From mboxrd@z Thu Jan  1 00:00:00 1970
From: Jack Steiner <steiner@sgi.com>
Date: Wed, 02 Feb 2005 23:33:20 +0000
Subject: Re: [rfc] generic allocator and mspec driver
Message-Id: <20050202233319.GA7925@sgi.com>
List-Id: <linux-ia64.vger.kernel.org>
References: <16897.9640.160896.31584@jaguar.mkp.net>
In-Reply-To: <16897.9640.160896.31584@jaguar.mkp.net>
MIME-Version: 1.0
Content-Type: text/plain; charset="us-ascii"
Content-Transfer-Encoding: 7bit
To: linux-ia64@vger.kernel.org

On Wed, Feb 02, 2005 at 02:10:32PM -0500, Jes Sorensen wrote:

General comment: 

1) I may be paranoid, but I'm nervous about using memory visible to 
  the VM system for fetchops. If ANYTHING in the kernel makes a 
  reference to the memory and causes a TLB dropin to occur,
  then we are exposed to data corruption. If memory being used for
  fetchops is loaded into the cache, either directly or by speculation, 
  then data corruption of the uncached fetchop memory can occur.
  
  Am I being overly paranoid? How can we be certain that nothing will
  ever reference the fetchop memory alocated from the general VM
  pool. lcrash, for example.
  
2) Is there a limit on the number of mspec pages that can be allocated?
  Is there a shaker that will cause unused mspec granules to be freed?
  What prevents a malicious/stupid/buggy user from filling the system with 
  mspec pages?

3) Is an "mspec" address a physical address or an uncached virtual address?
  Some places in the code appear inconsistent.
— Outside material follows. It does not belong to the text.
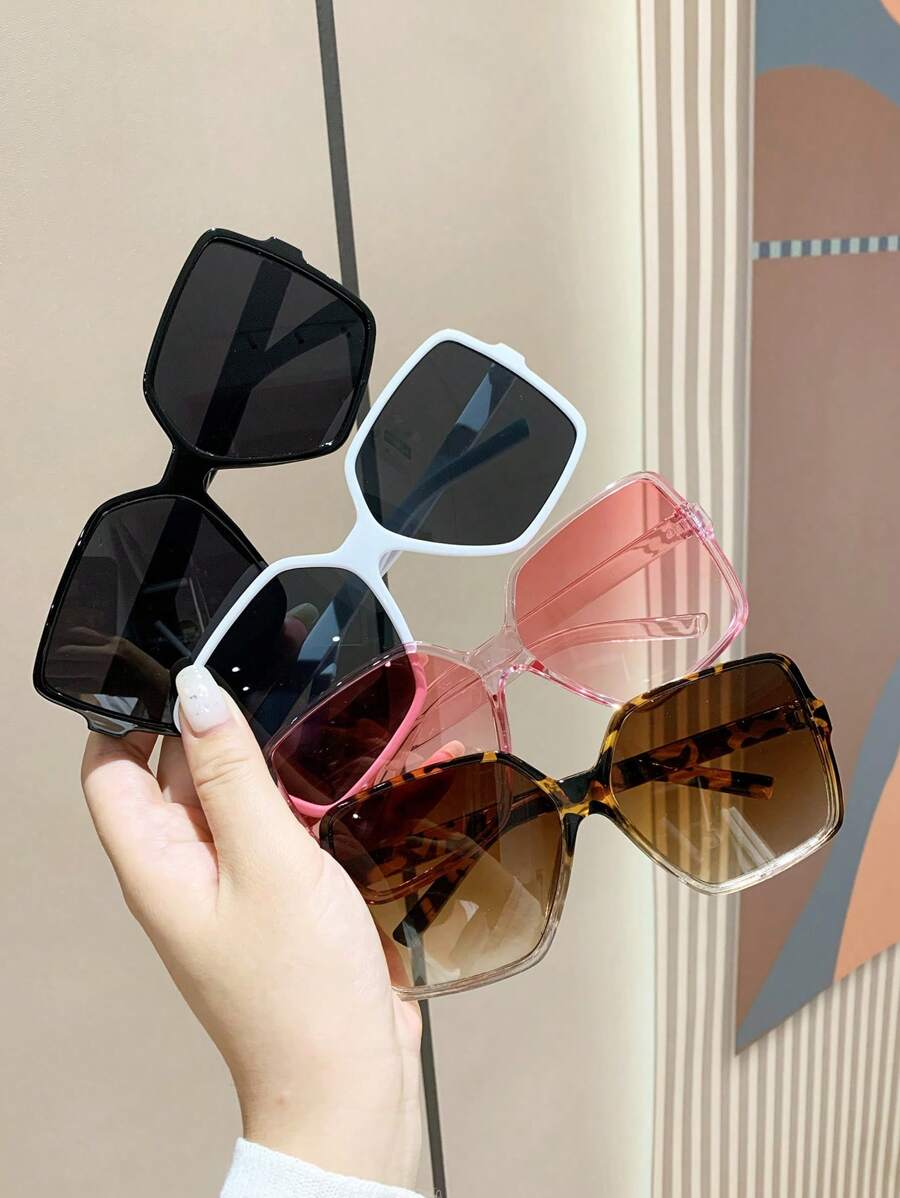 男女皆宜的方形全框时尚眼镜，适合日常佩戴，也可搭配波西米亚风沙滩配饰。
For example:

	mspec_free_page(TO_PHYS(maddr))
		vs.
	maddr;          /* phys addr of start of mspecs. */
 

A few code specific issues:

...
+                       printk(KERN_WARNING "smp_call_function failed for "
+                              "mspec_ipi_visibility! (%i)\n", status);
+       }
+
+       sn_flush_all_caches((unsigned long)tmp, IA64_GRANULE_SIZE);

Don't the TLBs need to be flushed before you flush caches. Otherwise,
the cpu may reload data via speculation.

I dont see any TLB flushing of the kernel TLB entries that map the
chunks. That needs to be done.
...

+       /*
+        * The kernel requires a page structure to be returned upon
+        * success, but there are no page structures for low granule pages.
+        * remap_page_range() creates the pte for us and we return a
+        * bogus page back to the kernel fault handler to keep it happy
+        * (the page is freed immediately there).
+        */

Ugly hack. Isn't there a better way? (I know this isn't your code & you
probably don't like this either. I had hoped for a cleaner solution in
2.6....)


...

+                               /*
+                                * Use the bte to ensure cache lines
+                                * are actually pulled from the
+                                * processor back to the md.
+                                */
+

This doesn't need to be done if the memory was being used for fetchops or
uncached memory.


+               s <<= 1;
+       }
+       a = (unsigned long) h[j].next;

It appears that you are keeping a linked list of free memory WITHIN the 
mspec memory itself. If I'm reading this correctly, all the addresses are uncached
virtual addresses so that should be ok. However, it might be good to add 
debugging code to make sure that you never cause a cachable reference to be made to any
of the fetchop memory. The resulting data corruption problems are almost 
impossible to debug.


-- 
Thanks

Jack Steiner (steiner@sgi.com)          651-683-5302
Principal Engineer                      SGI - Silicon Graphics, Inc.